Let $E$ and $F$ be normed vector spaces, over the real or complex numbers, and let $u\colon E\to F$ be a linear map. The continuity of $u$ is proved to be equivalent to the existence of a real number $c$ such that $\|u(x)\|\leq c \|x\|$ for every $x\in E$, and the least such real number is called the operator norm of $u$; we denote it by $\|u\|$. It defines a norm on the linear space $\mathscr L(E;F)$ of continuous linear maps from $E$ to $F$ and as such is quite important. When $E=F$, it is also related to the spectrum of $u$ and is implicitly at the heart of criteria for the Gershgorin criterion for localization of eigenvalues.

$\gdef\R{\mathbf R}\gdef\norm#1{\lVert#1\rVert}\gdef\Abs#1{\left|#1\right|}\gdef\abs#1{\lvert#1\rvert}$However, even in the simplest cases of matrices, its explicit computation is not trivial at all, and as we'll see even less trivial than what is told in algebra classes, as I learned by browsing Wikipedia when I wanted to prepare a class on the topic.

Since I'm more a kind of abstract guy, I will use both languages, of normed spaces and matrices, for the first one allows to explain a few things at a more fundamental level.
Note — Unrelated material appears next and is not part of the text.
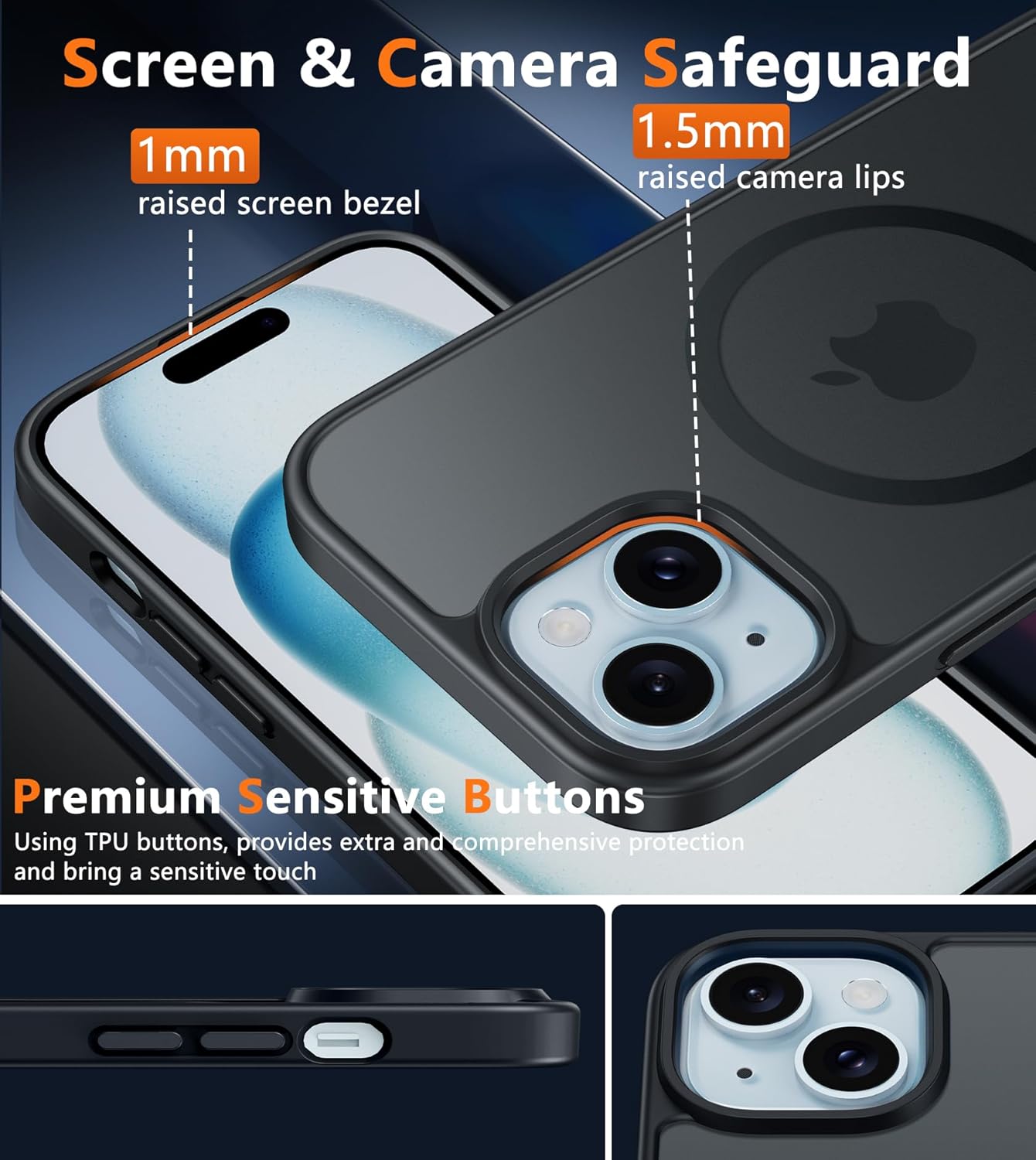 FNTCASE for iPhone 12 Phone Case: for iPhone 12 Pro Magnetic Matte Textured Military Grade Drop Protection Translucent Cell Cover - Slim Durable Shockproof Protective Bumper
I'll make the translation, though. Also, to be specific, I'll work with real vector spaces.

So $E=\R^m$, $F=\R^n$, and linear maps in $\mathscr L(E;F)$ are represented by $n\times m$ matrices. There are plentiful interesting norms on $E$, but I will concentrate the discussion on the $\ell^p$-norm given by $\norm{(x_1,\dots,x_m)} = (|x_1|^p+\dots+|x_m|^p)^{1/p}$. Similarly, I will consider the $\ell^q$-norm on $F$ given by $\norm{(y_1,\dots,y_m)} = (|y_1|^q+\dots+|y_n|^q)^{1/q}$. Here, $p$ and $q$ are elements of $[1;+\infty\mathclose[$. It is also interesting to allow $p=\infty$ or $q=\infty$; in this case, the expression defining the norm is just replaced by $\sup(|x_1|,\dots,|x_m|)$ and $\sup(|y_1|,\dots,|y_n|)$ respectively.

### Duality

Whatever norm is given on $E$, the dual space $E^*=\mathscr L(E;\mathbf R)$ is endowed with the dual norm, which is just the operator norm of that space: for $\phi\in E^*$, $\norm\phi$ is the least real number such that $|\phi(x)|\leq \norm\phi \norm x$ for all $x\in E$. And similarly for $F$. To emphasize duality, we will write $\langle x,\phi\rangle$ instead of $\phi(x)$.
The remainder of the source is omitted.